First notice how the data itself has very obvious start / end tags. Namely the data starts with ++ Orbital specifications: and ends with --. These are then precisely our RegExs we define for our Rule, see the START_TAG and END_TAG variables.

The process_lines method will handle the actual extraction of data. See the Parse section to understand when and where this method is executed. For now you can assume that process_lines is only called when we are reading a log file and we find a line that matches START_TAG.

Once process_lines is called we are given access to the line that matches the START_TAG namely the argument start_line. We are now also able to iterate through the rest of the log file until we see a line that matches the END_TAG. This iteration is encapsulated in the python code for line in self, i.e. the for loop will end once we reach a line matching END_TAG. Based on these control flows, within the for loop we know exactly where we are in the log file and are free to parse as we please. In our case we want some specific number so we write some standard python string manipulation code.

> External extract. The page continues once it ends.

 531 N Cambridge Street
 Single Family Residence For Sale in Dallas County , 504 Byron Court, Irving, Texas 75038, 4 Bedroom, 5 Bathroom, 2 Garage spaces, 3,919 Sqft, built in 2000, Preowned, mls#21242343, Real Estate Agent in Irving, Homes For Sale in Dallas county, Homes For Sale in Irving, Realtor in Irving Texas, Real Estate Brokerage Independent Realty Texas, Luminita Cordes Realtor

The reset method is a mechanism to allow the re-use of a Rule between multiple files as there may be some state that needs to be reset. Understanding this mechanism is ancillary to the core concept of Rules in MolExtract.

This was a simple rule. MolExtract allows us to nest rules so we can build complex rules that describe an entire module or an entire calculation. See examples/excited_state.py and try to follow the chain as described below.

- LogRule
  > RASSCFModule
    * RASSCFEnergy
    * RASSCFCiCoeff
    * RASSCFOccupation
    * RASSCFOrbSpec
    * RASSCFCIExpansionSpec
  > MCPDFTModule
    * MCPDFTRefEnergy
    * MCPDFTEnergy
  > RASSIModule
    * RASSIDipoleStrengths

Parser

In the Rules section we made some assumptions about when and where process_lines is called. The Parser class explicitly defines these mechanism.

In the Parser class we have a method feed

    def feed(self, data, delim='\n'):
        split = data.split(delim)
        split_iter = iter(split)
        self.rule.set_iter(split_iter)

        for line in split_iter:
            if self.rule.start_tag_matches(line):
                self.rule.process_lines(line)
                return self.rule.reset()

We do the following in this method

  1. Setup the internal iterator for the rule by splitting the data
  2. Iterate through the same iterator and only when we find the line that matches start_tag do we execute process_lines
  3. Once the rule is finished executing we immediately return with the data as returned in reset

Here we have explicitly defined when and where to call process_lines. It is up to the user to manage when and where to execute this method, but the Parser class should suffice for almost all use cases.

Installation

Manual Installation

MolExtract has no external dependencies. You can simply clone this repository and add that location to your $PYTHONPATH

For example if you want to put this in $HOME/python-packages do the following.

mkdir -p $HOME/python-packages
cd $HOME/python-packages
git clone https://github.com/sdonglab/molextract.git

Then in your $HOME/.bashrc or other runtime configuration file, add the following line

export PYTHONPATH=$PYTHONPATH:$HOME/python-packages/molextract

Local pip install

You may also install MolExtract locally via setuptools. Clone the repository and run within it

pip install .

Remote pip install

You can install the latest official release on PyPi with

pip install molextract

Examples

See the examples/ directory. You can run these scripts with the files found in the test/test_files directory.

Testing

To run the unit tests you will need pytest installed in your current python environment. Then simply run pytest within this repository.